How's it going, kiddo?
yourunichase: (carmen body)
Attention Gumshoes. This morning at 08:00 hours, legendary thief was spotted in the library of the Barge stealing a priceless edition of A Christmas Carol with notes in the margins written by Charles Dickens himself.

[Have a video taken from a fisheye camera of a women in a red trench coat and hat stealing the book and seeming to vanish into thin air.]

Your job, gumshoes, is to track Carmen Sandiego to find the loot, then the warrant and then the crook. Best of luck, gumshoes

Do it Rockapella

Well, she sneaks across the Barge from the kitchens to corridors
She's the sticky finger flicher from hallway A to hallway C
She'll take ya on a ride on a slow boat to nowhere
Tell me where on the Barge is Carmen Sandiego

Video

Dec. 17th, 2010 06:13 pm
yourunichase: (smiling)
[Have a happy, relaxed looking Parker wearing a truly horrible sweater, one she refused to wear during port. She's holding a cup of eggnog and standing in front of an ornately decorated fireplace. The one in her room if you've been there before. In her hair there's a giant red bow.]

Christmas, it's lovely. I am so glad I'm here for it. I can't bake like Rex, so you should stop by for some eggnog. It's great, just like my Dad used to make.

[Added later, and Parker looks embarrassed.]

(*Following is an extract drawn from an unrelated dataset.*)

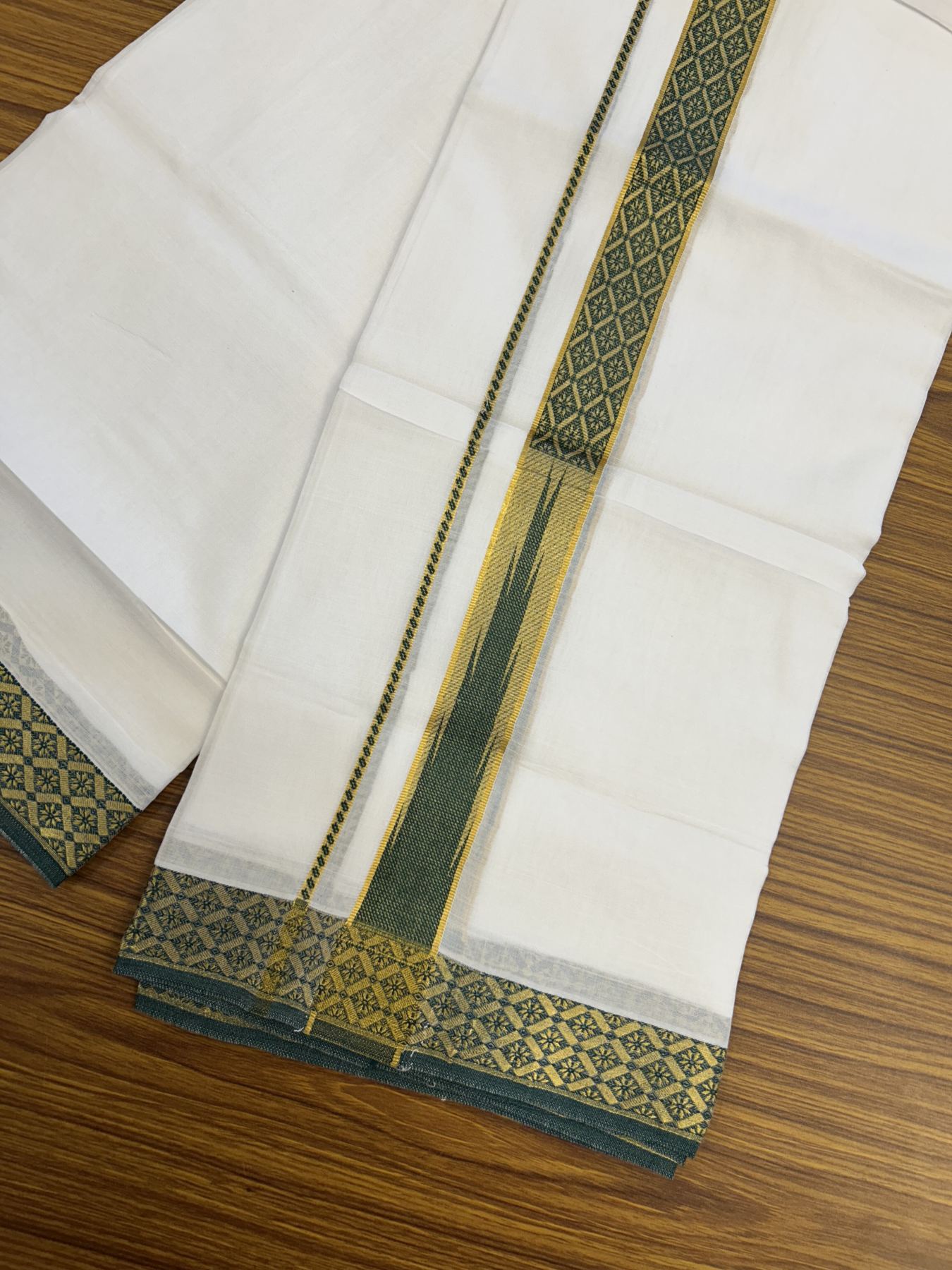 20% Discount ! KaithariKada Balaramapuram 100% Pure Cotton Double Pure White Mundu/Dhoti - 100x80 - 1.25 inch Puliyilakkara Gold Kasav & Green Jacquard Design Chutty kara 3.90 mtr (8 Muzham) - 17 KK5321 CJT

I've been assigned an inmate. Parker, you and me need to meet!

[Private to Paddy.]

[A big grin.]

I really owe you an apology. I didn't think mistletoe worked like that I was wrong.

[Private to Uhura]

Sorry I was a bitch to you before. It just really looked wrong and I know how much you hate me. It's alright though, I like you.
yourunichase: (do I look happy)
I really fucking love the barge at this time of year. I fucking can't say that enough. Christmas is amazing.

I'm not mad at anything right now.

Also, be sure you play with the mistletoe and break it; it makes the effects all the more magical.

Private letter to Santa, written before the flood hit. )
yourunichase: (look down)
Well now that all of that bullshit is done...


[Added after, with Kota approval.]

Who can fucking cook a turkey?

[Private to the Admiral]
Alright, asshole, the last week sucked, but give us turkey's for Thanksgiving. Turkeys and all the things that goes with them. We need a good fucking meal.

[Private to Paddy.]
How much do you know about Thanksgiving?
yourunichase: (bad sign)
I'm bringing Tim Drake into the infirmary; he's suffering from some kind of barge coma.

[Private to Shego.]

I found him, he's breathing but he won't wake up, I'm going to dump him into the bed next to you and let Martha and Sveta handle him.

[Private to Paddy]

You have one shitty coupon to redeem when you catch up on sleep.

Audio post.

Nov. 9th, 2010 02:20 pm
yourunichase: (missing pieces)
Fuck!

[Private to Paddy]

You still around, Paddy-cakes? You've been quiet.

[Jarod's gone, officially. Parker is not a happy camper.]
yourunichase: (do I look happy)
Alright fuck this place. You know what I remembered? We have a pool. Anyone care for some recreational activity to calm the fuck down?

If all else fails I've got beer and scotch and an item to get me in there.